Levi Bronzeado
A tragédia que se abateu sobre Haiti deveria servir para uma acurada reflexão, haja vista a similaridade existente entre a história desse país e a nossa. Fomos um dos últimos países do mundo a abolir a escravidão negra.
Os colonizadores portugueses eram mensageiros de um “deus ocidental” que fazia vistas grossas para o comercio de escravos ─ mão de obra barata para o desenvolvimento da colônia. O “deus de Portugal” e dos nossos colonizadores não levava em conta a libidinagem e atrocidades sexuais que eram realizadas contra as inocentes índias, que a troco de panos, espelhinhos e outros mimos eram violentadas, sem dó nem piedade.
Os historiadores narram que o Brasil Colônia era a terra dos pecados, e associavam a liberdade sexual à ausência quase completa de religião entre os nativos.
O machismo e o racismo com algum verniz de religiosidade cristã foram plantados em nossa terra desde o início de nossa colonização. À medida que as almas eram aprisionadas nos currais desse deus ocidental, os corpos das negras e índias eram devassados, e suas intimidades estraçalhadas pelos ferozes homens apóstolos desse violento deus.
O inferno e o terror do apocalipse eram as armas secretas e ameaçadoras, que os donos do poder colonial lançavam contra aqueles que não se submetiam aos seus desígnios.
O drama do povo Haitiano, explorado de forma ignominiosa por quem deveria zelar pelo seu bem estar, nos faz reportar a nossa História. A história do Haiti parece com a nossa, de duzentos anos atrás. Talvez, seja por isso que a tragédia que se abateu sobre os nossos irmãos negros desse sofrido país nos toca profundamente; talvez seja por em nossas veias ainda correr o sangue desse povo, que foi arrancado violentamente de seus lares africanos para servirem de animais de carga por três séculos em nossas terras.
Mas há quem veja nisso a mão divina. Há quem veja na tragédia recente o castigo divino, sem misericórdia, sobre um povo que por fazer parte de outra cultura religiosa, que não a do “deus ocidental”, deve então estrebuchar e morrer em meio a rios de sangue. Aí os impostores cristãos deitam e rolam citando inúmeros trechos bíblicos para justificar a sua sanha vingativa e racista.
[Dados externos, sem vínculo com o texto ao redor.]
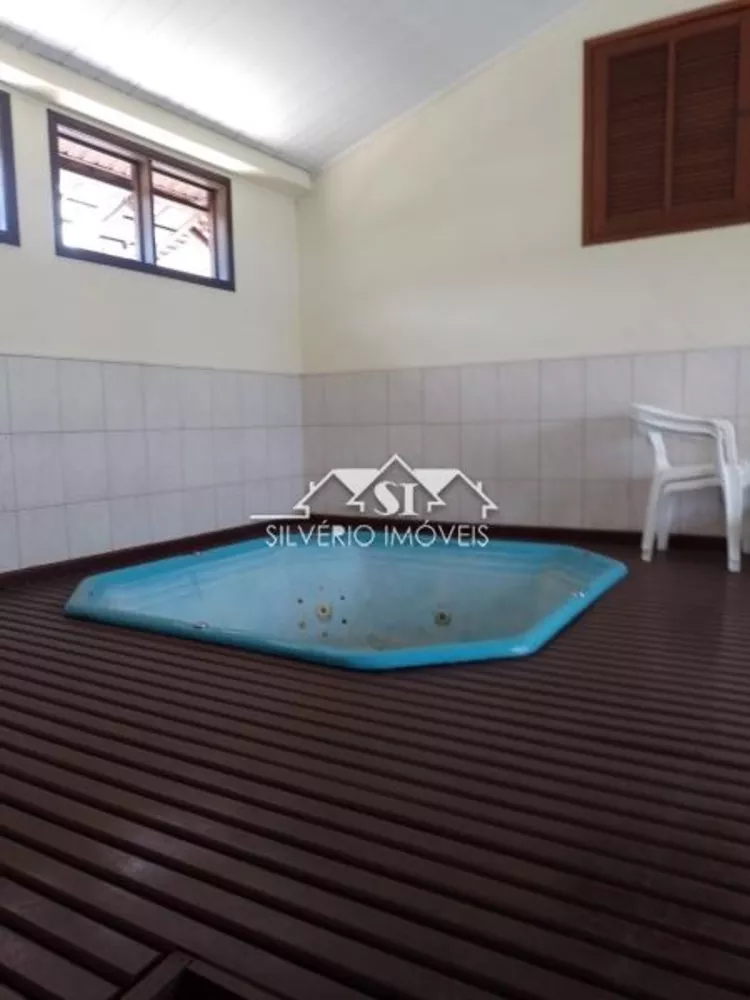 Apartamento, 2 quartos, 69 m² - Foto 28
Bradam de peito estufado: "Está escrito... Está escrito lá no livro de Fulano, de Beltrano..." ─ é a Bíblia usada para fins pérfidos, maléficos e diabólicos. Os impostores de uma figa dizem: “eles estão colhendo o devido pagamento, por serem os que receberam a marca de Caim na testa, devendo por isso sofrer indefinidamente enquanto vagarem pela terra”.
Infelizmente, o espírito pedante dos nossos colonizadores está presente em alguns “cristãos” da blogosfera. Eles estão radiantes ao tripudiar sobre os nossos irmãos negros haitianos. A dor dos negros é a vitória do seu hediondo deus. E ainda dizem descaradamente: “Te prepara Brasil ─ o próximo castigo virá sobre ti!!!”
Esses falsos arautos de um deus vingativo não vêem que temos uma dívida impagável e imperdoável, tal qual uma mancha inapagável, permanece em nossas consciências, naquilo que foi o insano “tráfico negreiro”.
Amigos, ao invés de desfrutarem o bárbaro deleite de fazer juízo apocalíptico sobre uma nação vilipendiada pelos poderosos, se ajoelhem, ponham a cara no chão e peçam perdão pelos pecados do racismo, da ambição, e do cinismo que por ora dominam as suas mentes! Fujam da cegueira que não permite os olhos enxergarem em cada Haitiano, um Cristo que sofre e pede socorro!
Nunca é demais lembrar que quem semeia a intolerância a colhe em dobro.